I was shocked at the disrespect, anger and thoughtlessness of those shoppers! Now that I’m buying most of my veg, I make sure I’m choosing the best quality for my money — I don’t want bruised or tattered greens — but I also think of the farmers who grew the produce, and respect their hard work to give me food.

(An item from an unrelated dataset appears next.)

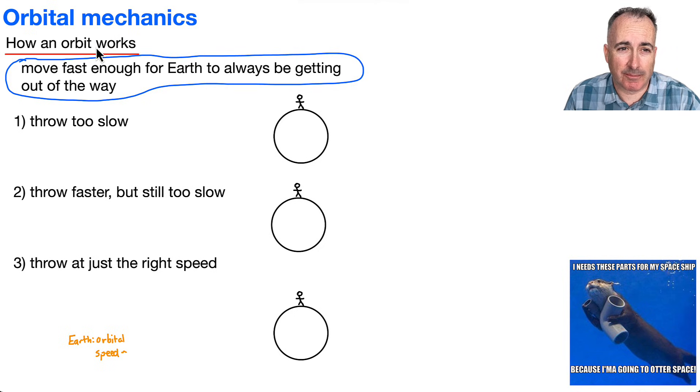So how does an orbit actually work? The way I like to think of it, assuming we're doing an orbit around Earth, you just have to move fast enough for the Earth to be getting out of your way.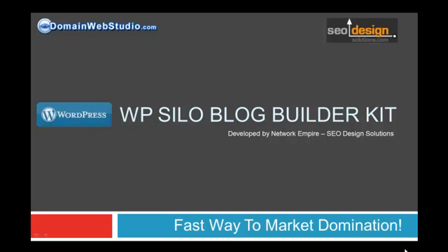Hi folks, my name is Matt DeCruz from DomainWebStudio.com and NetworkEmpire.com. Today I'd like to introduce to you the WP Silo Blog Builder Kit. This kit is a very powerful tool and used properly, it will help you swallow your market whole.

So moving into winter means buying veg, and it means making heartier dishes like this one. The weather has been strangely, wonderfully mild (punctuated by the odd frigid day), but this week the temperatures plummeted properly, and something more substantial than a roast vegie salad was called for (though that is not to be sneezed at).
I finally made some ‘lentilaise’, the legume version of bolognaise. If you’re counting your five a day, this does it, plus some: a base of onions and garlic and carrots and celery and capsicum; chunks of parsnip and wedges of mushrooms; and finally the lentils and some tinned tomatoes and lots of parsley and marjoram (or oregano? I can’t tell the difference).
I thought it should have been tomato-ier, but it’s been a long time since I made bolognaise to remember exactly what it should be like; maybe too I was confusing this with a richer pasta sauce. And next time I would use less carrot (carrotaise?); it was a bit too sweet and orange, and I needed to add more of those woody herbs and a tad more tomato paste to balance that.
But overall, this bubbling big pot of goodness was winter comfort food. I served it with some fluffy brown rice … and green peas (normal ones) and broccoli (stalks and all).
Adapted from Annabel Crabb’s ‘Special delivery’. I added capsicum and parsnip to the list of vegies. Next time I would blitz the onion, carrot and celery in the food processor first, as my 'finely diced' was still rather chunky; I did an awkward thing of fishing out the parsnip and mushroom chunks then ladling the sauce into my food processor to refine it, then ladling it back into the pot…
  • In a large heavy casserole pot, heat a generous amount of olive oil and add these vege that you have finely chopped or food-processed: one onion, 2 stalks of celery, 1-2 carrots and half a yellow capsicum. Also add some small chunks of parsnip. Put the lid on and cook away till the finer veg is soft (the parsnip will take longer).
  • Once that base veg is soft, add at least 2 tbspns tomato paste, 3 fat cloves of garlic that you’ve chopped or sliced, 150-175 gms mushrooms that you’ve chopped, and a good slosh of wine (I used white). Give it a good stir and pop the lid on to cook for a few more minutes.
  • Now add a tin of chopped tomatoes; then half-fill the tin with water and swish that in too. Add a good pinch of salt and generous amounts of flavoursome herbs like marjoram/oregano and parsley. I used fresh herbs because I still have them growing in the garden, but Annabel specified 1 tspn of dried Italian herbs.
  • Let this simmer away until your parsnip, the hardier of the ingredients, is tender. Then add a drained 400 gm tin of lentils and heat thru, plus more chopped parsley. Serve with love and respect.

15 May 2016

garden ramble: rain and plantings

Looks cold...
Rain. Rain, rain and more rain. Yes finally — it’s raining! And proper big wet stuff, stuff that’s last longer than the usually fleeting moment, where you think ‘oh, it’s raini—’ and it stops before you even finish the thought. No, for the past week, we have had bucket loads, rain gauges full of the stuff. I even found myself thinking quite a blasphemous thought one night, as I brushed my teeth and listened to the pounding on the roof: oooh it could stop a bit now; I don’t want my garlic to rot.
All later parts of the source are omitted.